Selective alterations in binding kinetic parameters and allosteric regulation of N-methyl-D-aspartate receptors after prolonged seizures in the developing rat brain.

Among glutamate receptor subtypes, the N-methyl-D-aspartate (NMDA) receptor plays a key role in brain development and cognitive processes, and mediates excitotoxic injury. To test the hypothesis that prolonged seizures may affect NMDA receptor characteristics in the developing brain, a 30-min episode of generalized seizures was induced in rats at 5, 10, 15 and 25 d of age by i.p. administrations of bicuculline, NMDA receptors were analyzed using specific binding of [3H]-labeled (+)-5-methyl-10,11-dihydro-5H-dibenzo-[a,d]-cycloheptene-5,10-imin e maleate (MK-801) in brain membrane preparations, and allosteric regulation was studied by addition of glutamate (10 microM) and glycine (10 microM).
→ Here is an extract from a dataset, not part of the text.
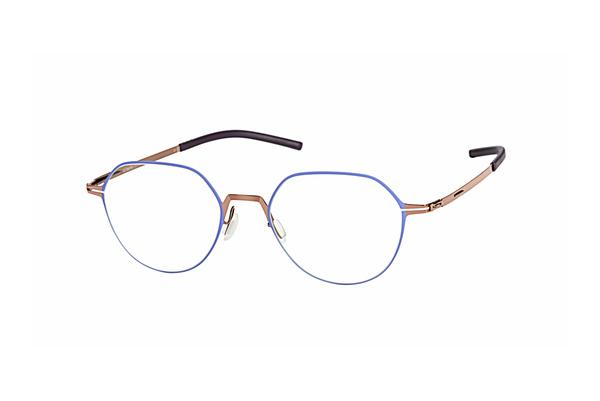 Lunettes de vue ic! berlin Nori (M1684 269114t070071f)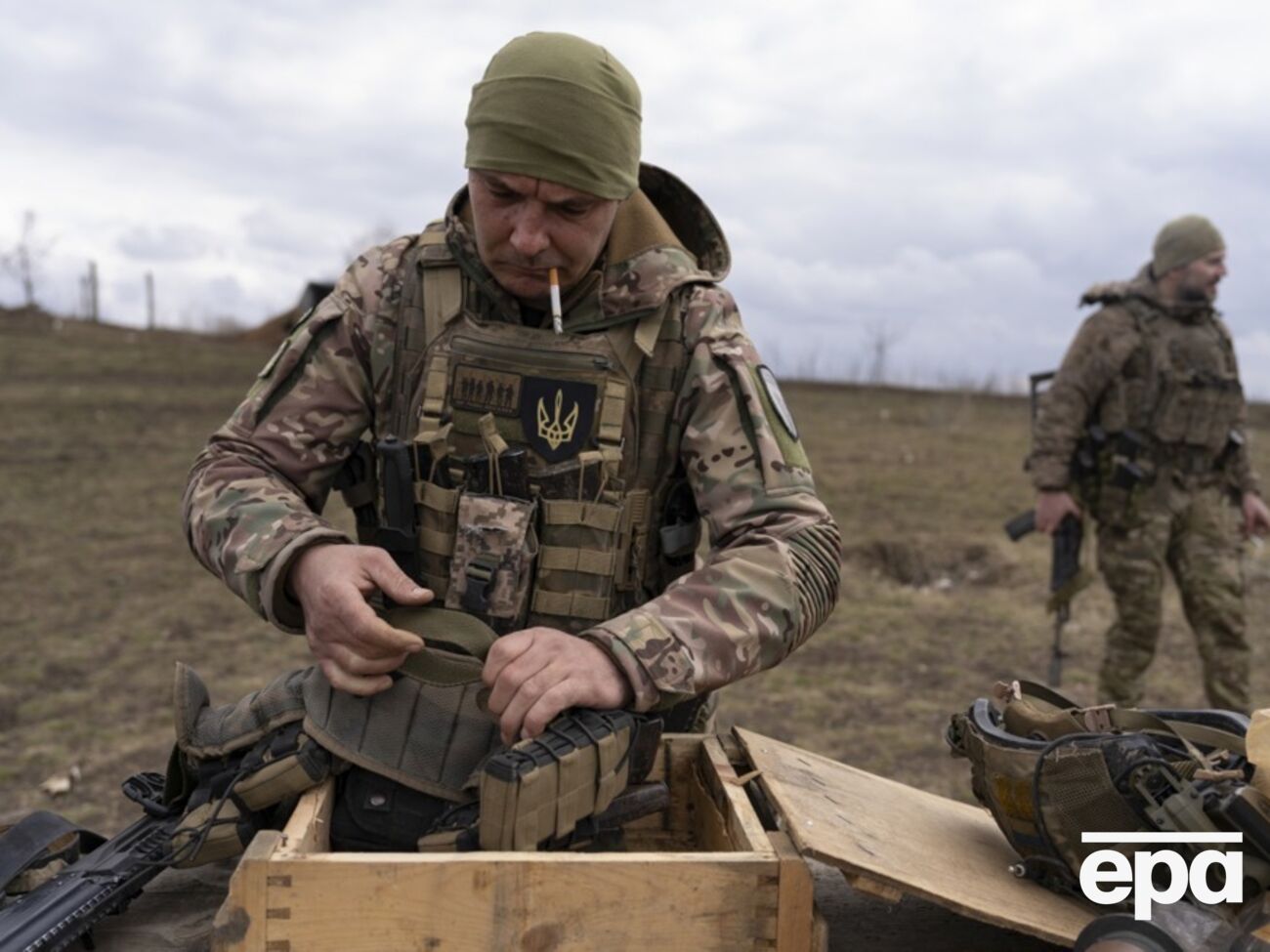 Українські захисники ліквідували вже 692 тис. окупантів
In control pups, total number of binding sites increased between 5 and 25 d, Bmax values varying from 1032 +/- 93 to 2311 +/- 449 fmol/mg protein, whereas receptor affinity decreased with age, the affinity constant (Kd) changing from 20.9 +/- 2.0 to 29.1 +/- 2.0 nM. Activation of NMDA receptors by glutamate and glycine led to age-dependent decreases in Kd values, from 30% at 5 d to 72% at 25 d. Seizures altered receptor density only at 5 d (by 40%). Receptor affinity was increased after seizures at 5, 15 and 25 d (from 12 to 60%). The capacity of receptor activation by glutamate and glycine was significantly reduced by seizures at 5 d. There was no change either in density nor affinity of receptors at 10 d. Therefore, as previously shown for central adenosine and benzodiazepine receptors, sustained seizures are able to alter the characteristics of NMDA receptors in a specific way depending on the maturational stage, suggesting developmental changes in the mechanisms of brain response to seizures.